Словом, неправдоподобной наивностью кажется недоумение Платонова, отчего это Чевенгур не хотят печатать, если он сочинял его с «пиететом к революции». Это он, пишущий: «Значит, в Чевенгуре есть коммунизм, и он действует отдельно от людей. Где же он тогда помещается?». Он, у кого революционный матрос стреляет из идущего поезда по жилищам: «…Боялся, что он защищает людей и умрет за них задаром, поэтому заранее приобретал себе чувство обязанности воевать за пострадавших от его руки». Или: «…Такой же странный человек, как и все коммунисты: как будто ничего человек, а действует против простого народа». Но и подобное — плод мучительных размышлений идеалиста, все еще несогласного расстаться с идеализмом, прежде всего — именно коммунистическим.
Но не только коммунистическим.
Саша Дванов, не двойник, но полпред Платонова в Чевенгуре, начинает свои странствия, мучимый тайной, которую хотел разгадать его отец, «любопытный рыбак», самоубийца, который «не вытерпел своей жизни и превратил ее в смерть, чтобы заранее испытать красоту того света». Что для Платонова — не психическая аномалия; ужас смерти входит в ужас жизни как нечто неотъемлемое от нее, как естественное, следовательно, тем самым и не ужасное. Отчего, скажем, можно эпически поведать об обаятельнейшем герое повести Сокровенный человек (1927): «Фома Пухов не одарен чувствительностью: он на гробе жены вареную колбасу резал, проголодавшись вследствие отсутствия хозяйки». В Чевенгуре мастер золотые руки Захар Павлович делает для заболевшего Саши Дванова, своего приемного сына, особо прочный гроб, загодя собираясь каждые десять лет «откапывать сына из могилы, чтобы видеть его и чувствовать вместе с ним». А для самого Саши революция — конец света, когда «отец-рыбак найдет то, ради чего он своевольно утонул».

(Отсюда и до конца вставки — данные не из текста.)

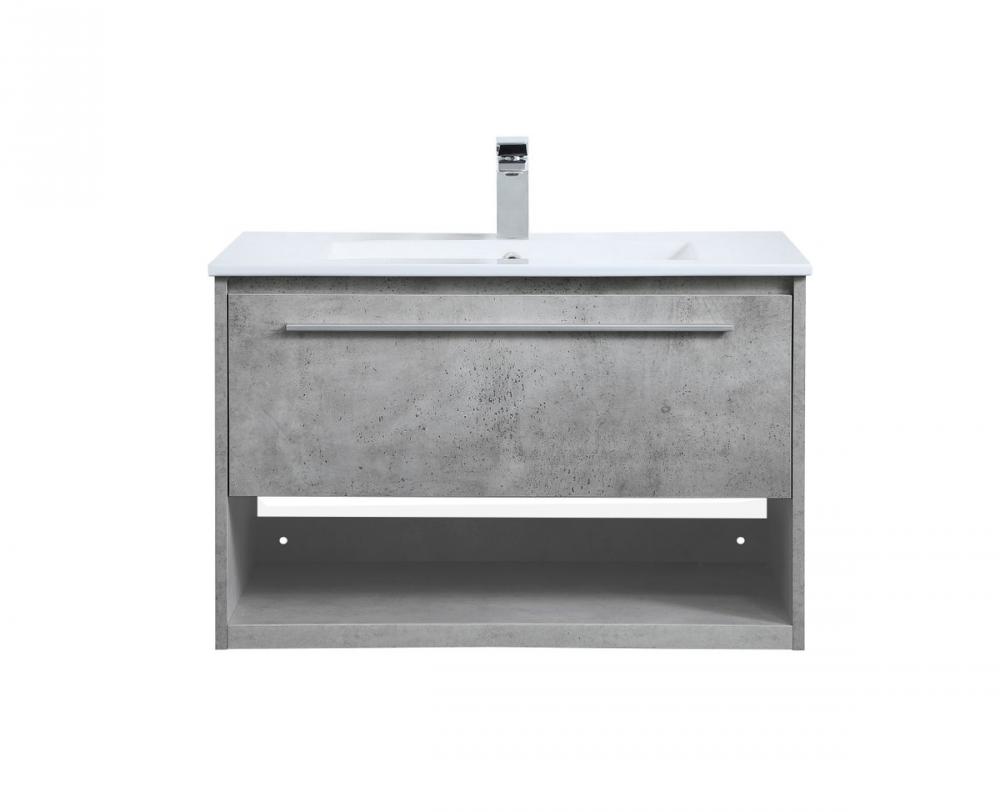 30 Inch Single Bathroom Floating Vanity in Concrete Grey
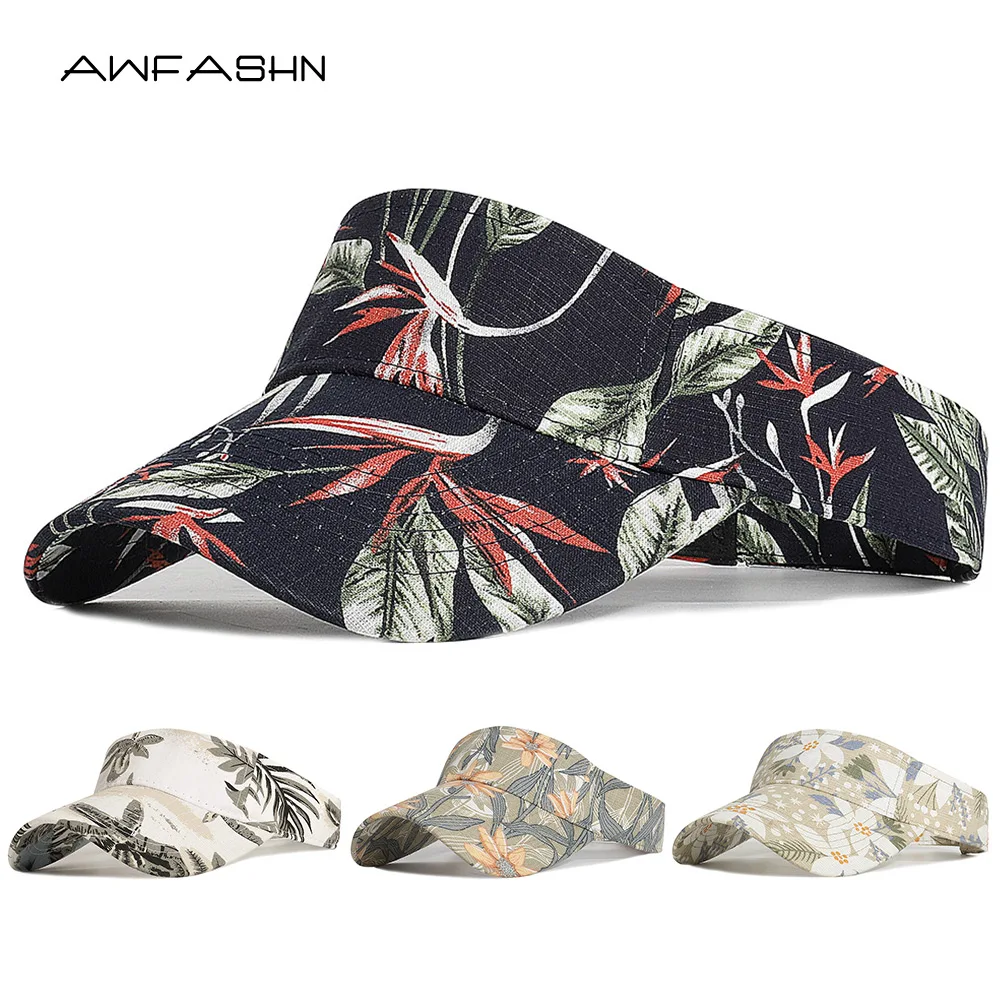 

Korean Style Ladies Men's Summer Vintage Empty Top Baseball Cap High Quality Floral Print Sun Hat Adjustable Visor Hat Cotton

«Дванов догадался, почему большевики-чевенгурцы так желают коммунизма: он есть конец истории, конец времени, время же идет только в природе, а в человеке стоит тоска…».

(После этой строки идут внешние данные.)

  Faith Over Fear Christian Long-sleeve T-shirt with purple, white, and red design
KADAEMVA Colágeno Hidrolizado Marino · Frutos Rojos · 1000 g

Платонов был близок идеям философа Николая Федорова, этого идеалистического сверхматериалиста, «русского искателя общего спасения» (слова Бердяева), в котором «достигло предельной остроты чувство ответственности всех за всех». Что и выразилось в известном «проекте» воскрешения всех умерших — без участия мистики, силой техники и науки, достигших необходимого совершенства. Собственно, это прямо высказано в Котловане устами инвалида-урода Жачева, возлагающего на науку задачу «воскресить назад всех сопревших людей». Аргумент: «Марксизм все сумеет. Отчего ж тогда Ленин в Москве целым лежит? Он науку ждет — воскреснуть хочет».
Ленин — Лениным, марксизм — марксизмом, но для автора Чевенгура и Котлована и вождь пролетариата, и учение, которое тот считал верным и потому всесильным, суть явления из области нематериальной. Как Роза Люксембург для Копенкина. Явления, в преображающую силу которых Платонов упорно хотел верить, даже видя трагикомизм происходящего, а затем, все явственнее, уже абсолютный трагизм обманутой веры, загубленных судеб, обезглавленного народа…
Народа? Все же лучше сказать: людей, зощенковских «с ихними житейскими поступками и беспокойством» или платоновских, озаренных идеей великой утопии и одураченных ее воплощением. Так или иначе, стоит помнить слова Льва Толстого из его письма 1881 года: «Должен сказать, что в последнее время слово это (народ. — Ст. Р.) стало мне так же отвратительно, как слова: церковь, культура, прогресс и т. п. Что такое народ, народность, народное мировоззрение? Это ничто иное, как мое мнение с прибавлением моего предположения о том, что это мое мнение разделяется большинством русских людей».